世界で初めてガスが使われたのは1792年のことでした。イギリスのマードック技師が石炭を蒸し焼きにしたときにできるガスを利用して、ガス灯をともしました。
そして1812年には、イギリスのウインザーらの努力により世界最初のガス会社がロンドンに設立されました。その後、欧米各地でガス会社ができ、明かりとしてガス灯が使われました。このころ日本は江戸時代で「鎖国」をおこなっており、外国との交流がなかったためにガスを使うことはすぐには伝わりませんでした。
ガス灯の説明を行うF.A.Winsor
ウィリアム・マードック
フレデリック・ウィンザー
ガス灯がともってまちはとても明るくなったんだね!
明治時代になって、社会の仕組みが大きく変わり外国との自由な交流もはじまり、西洋からいろいろな文化が伝わってきました。これは「文明開化」と呼ばれています。1872年(明治5年)、横浜で日本のガス事業が、フランス人アンリ・プレグランの指導の下、高島嘉右衛門(たかしまかえもん)によって始まり、現代の馬車道通りに、街灯としてガス灯がともりました。横浜に遅れること2年後、1874年(明治7年)には東京の銀座通りにも街灯として85基のガス灯が輝くようになり、ガス灯は次第にその数を増やしていきました。

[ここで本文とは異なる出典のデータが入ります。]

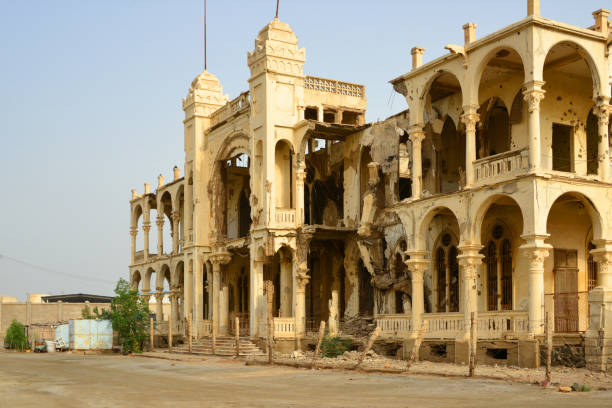 War torn Bank of Italy building (1928), Massawa old town waterfront, Eritrea Massawa, Northern Red Sea Region, Eritrea: ruins of the Palazzo Banca d'Italia, a magnificent Italian colonial building displaying war scars from the independence war, smashed concrete and twisted steel rebar - designed by the engineer Giuseppe Cane in neo-Moorish, it replaced a building in Taulud island destroyed in the 1921 earthquake - located on the corniche, Piazza Principe di Piemonte / Baratieri - Batse island, the old town construction material torn run down concrete stock pictures, royalty-free photos & images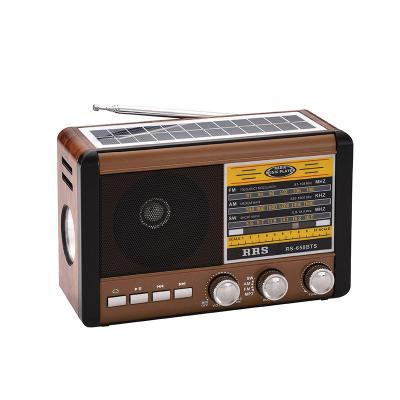 China Torch light rs-658bts AM Fm switch 3 band radio with torch, charging light, all-in-one solar panel, usb, tf blueteeth mp3 player for sale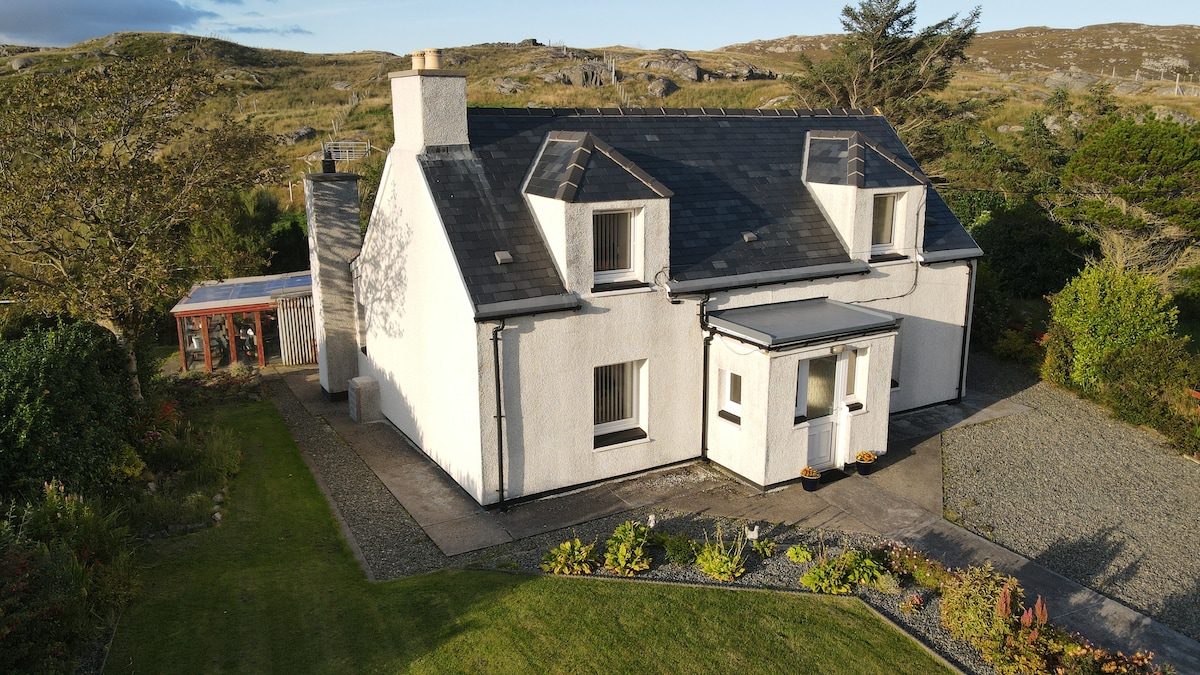 A charming two-story house features a white exterior with a slate roof. Surrounded by greenery, the property includes a well-kept garden and a gravel pathway leading to the entrance. A sunroom is visible on the side, enhancing the overall inviting atmosphere.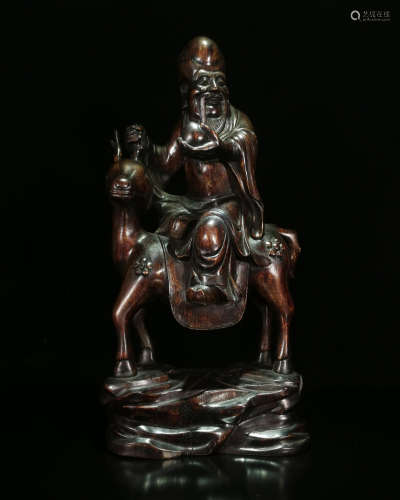 A CHENXIANG WOOD CARVED FIGURE SHAPED PENDANT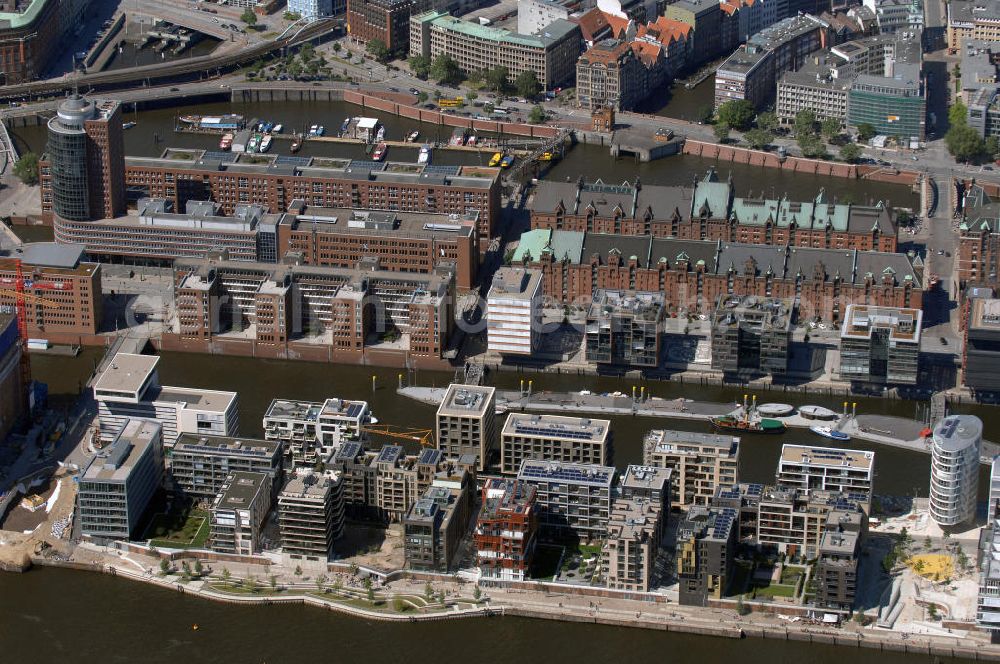 Aerial image Hamburg - Blick auf die Baustelle der neu entstehenden Hafen City. Im Vordergrund der Dalmannkai mit den Projekten / Gebäuden 9-13 und 20-23 und im Hintergrund die Gebäude 1-8 Am Sandtorkai, sowie ein Teil der Speicherstadt. Die HafenCity ist ein Hamburger Stadtteil im Bezirk Hamburg-Mitte. Der 155 Hektar große Stadtteil (mit 60 Hektar Nettobauland) soll neben Büroflächen für mehr als 40.000 Arbeitsplätze, die zu einem Teil schon fertiggestellt sind, auch Wohnraum für 12.000 Einwohner in 5.500 Wohnungen bieten und ist damit das größte laufende Vorhaben zur Stadtentwicklung von Hamburg. Allgemeine Informationen: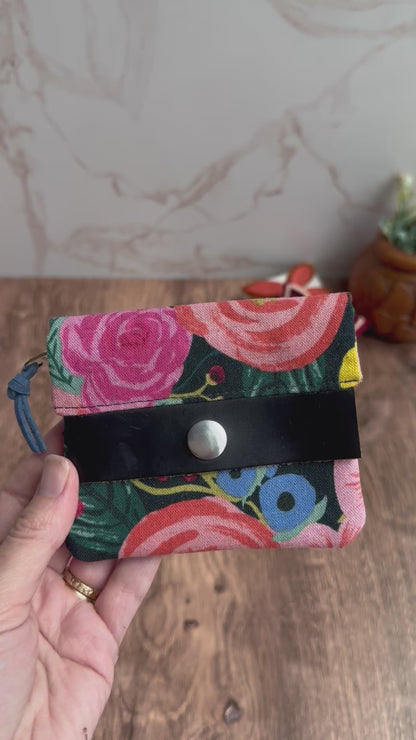 Mini Janet Wallet sewn from bright floral canvas fabrics from Rifle Paper. Black leather tab, silver snap, and zipper interior with cute little figures.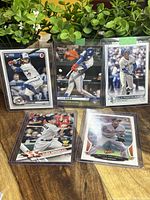 Photo showing all five rookie cards displayed on a wooden surface with green plants in the background. Cards are in protective sleeves.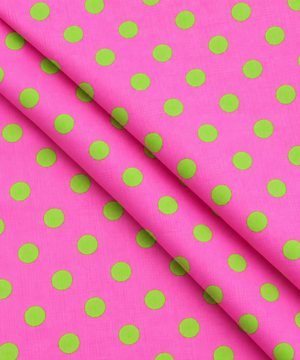 Pink fabric with evenly spaced green dots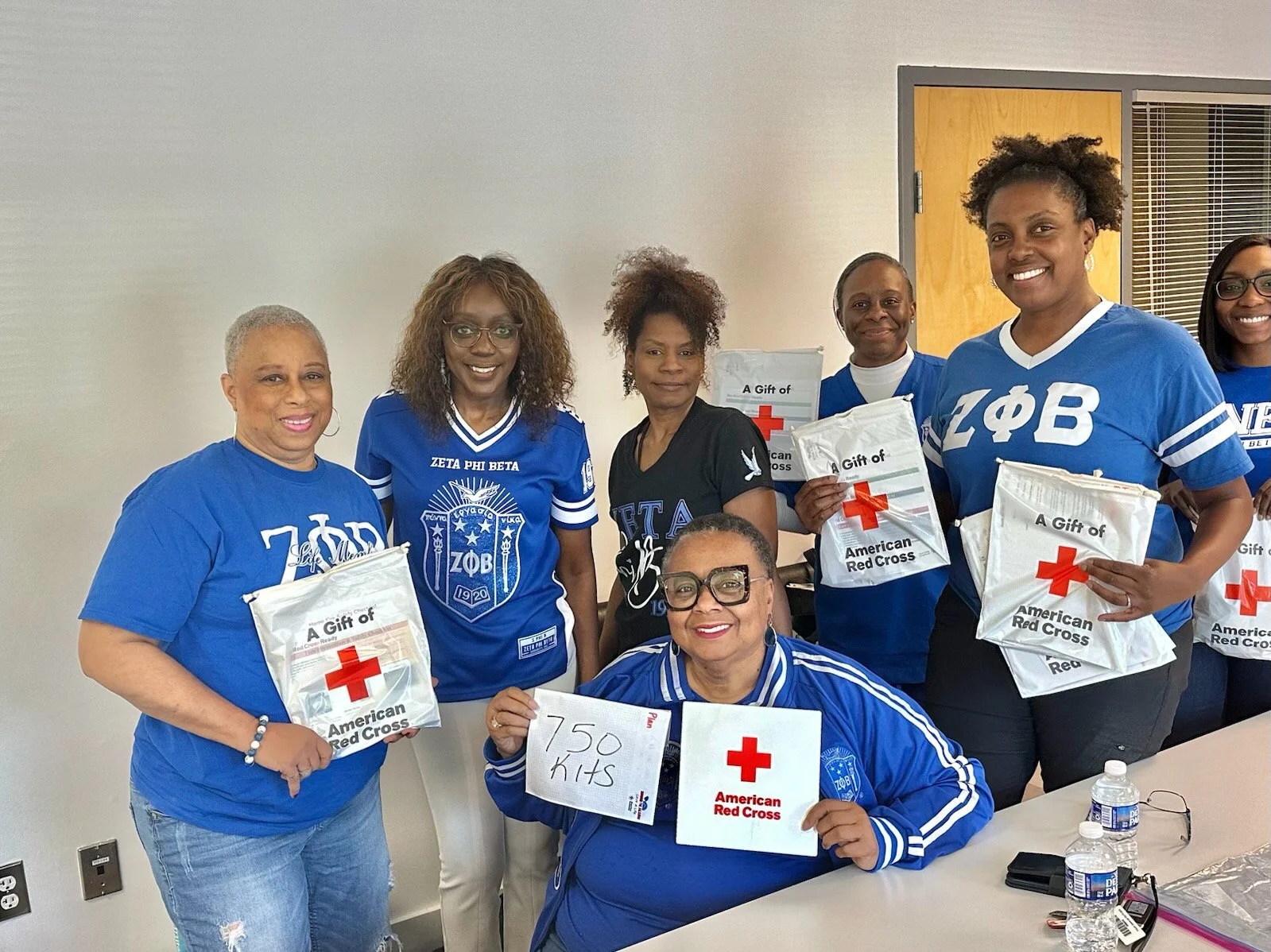 Group of smiling women wearing blue and black shirts, holding American Red Cross packages, gathered in a room with plain white walls, some sitting at a table with water bottles, and one woman in the front holding a sign that says '750 KITS'.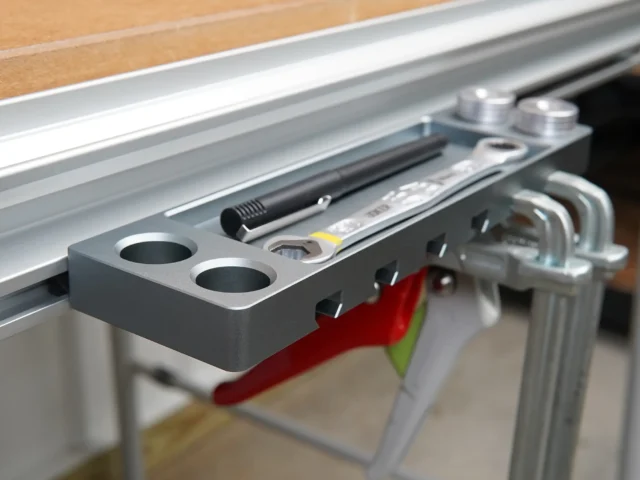 Dark gray utility rack mounted on an aluminum t-track, showing two circular holes for bench dogs and slots holding clamps and tools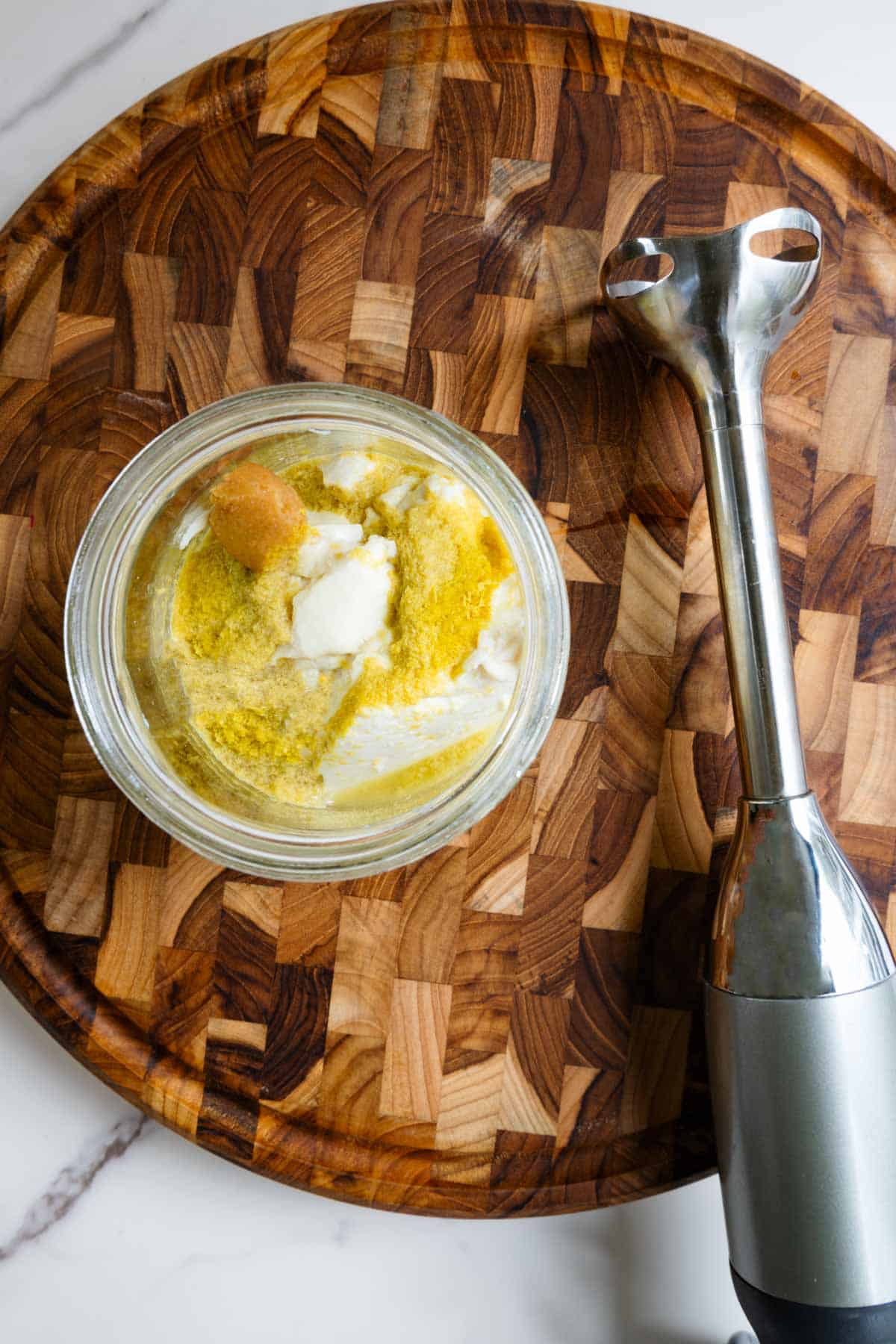 Ingredients for dairy-free cream in a jar with an immersion blender.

また、この頃流行った錦絵には、色鮮やかなガス灯が描かれ、小説や映画のバックとしても場面を盛り上げました。
アンリ・プレグラン (1841~1882) |
高島嘉右衛門 (1832~1914) |
瓦斯製造工場のあった金杉橋から新橋、日本橋を経て万代橋へ、途中本町から分岐して浅草橋、両国橋まで、当時計画されていた瓦斯街灯路線の、プレグラン直筆の大設計図で、右下に毛筆サインがあります。
東京瓦斯燈市街埋簡図絵
東京名所図会銀座通り煉瓦造り(とうきょうめいしょずえぎんざどおりれんがづくり) | ガス灯 |
明治の初め、東京のガス事業は東京府(今の東京都)が行っていましたが、1885 年(明治18)民間の企業である東京ガスが誕生しました。創立者は渋沢栄一です。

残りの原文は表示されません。